Now, in the spring, Espinosa will not dwell on the end of his season. He goes back to when he played his best, viewing it as an assurance of what will come.

“I know I can do it,” Espinosa said. “I’m very confident in my ability. The last couple years have been up and down with my swing left-handed. I feel great now.”

The change has not come overnight. Hitting coach Rick Eckstein has worked with Espinosa to alter his mechanics for the past two seasons, as he struck out in 27 percent of his plate appearances. Batting right-handed, Espinosa used a compact swing, like Eckstein wanted him to.

Hitting lefty, Espinosa took a different approach, letting the pitch travel deep into the strike zone, trying to shoot liners the other way.
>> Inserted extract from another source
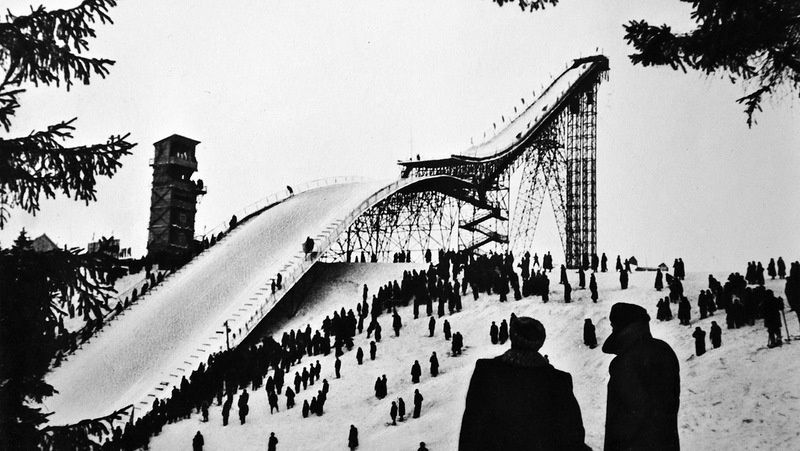 Выпуск информационной программы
Rather than attacking the ball, he would dip his back shoulder. The first move his bottom hand made was up, not down toward the ball.

His swing became long, which made him susceptible to inside fastballs. He started rushing to keep up, and then pitchers carved him up with off-speed pitches. “When my swing was bad, I was trying to cheat because my swing was long and I was dropping my hands real bad,” Espinosa said. “That’s when I got into a lot of problems.”

“He was working on it,” Eckstein said. “There was no question about it. His entire life, he was thinking a certain way. Things take time to develop, and the mentality takes time to really understand. That’s probably the biggest leap that I’ve seen from him. He understands what he wants to do, and he’s committed to it. And it’s very exciting to think where he’s going now.”

Eckstein expects Espinosa’s improved approach to help his plate discipline, too. Last year, Eckstein said, dropping his back shoulder caused Espinosa to lower his head. When that happened, high pitches looked like strikes. With his downward-angled path, Espinosa’s eyes should instead stay focused on his strike zone.

“He’s obviously a pivotal guy in our lineup,” Eckstein said. “Being out there every day and what his ability level dictates, he knows that he has the ability to put the ball in play. When he understands how he’s going about it, and then also keeping himself in the areas that he’s good at, he’s gonna cut down on his strikeouts.”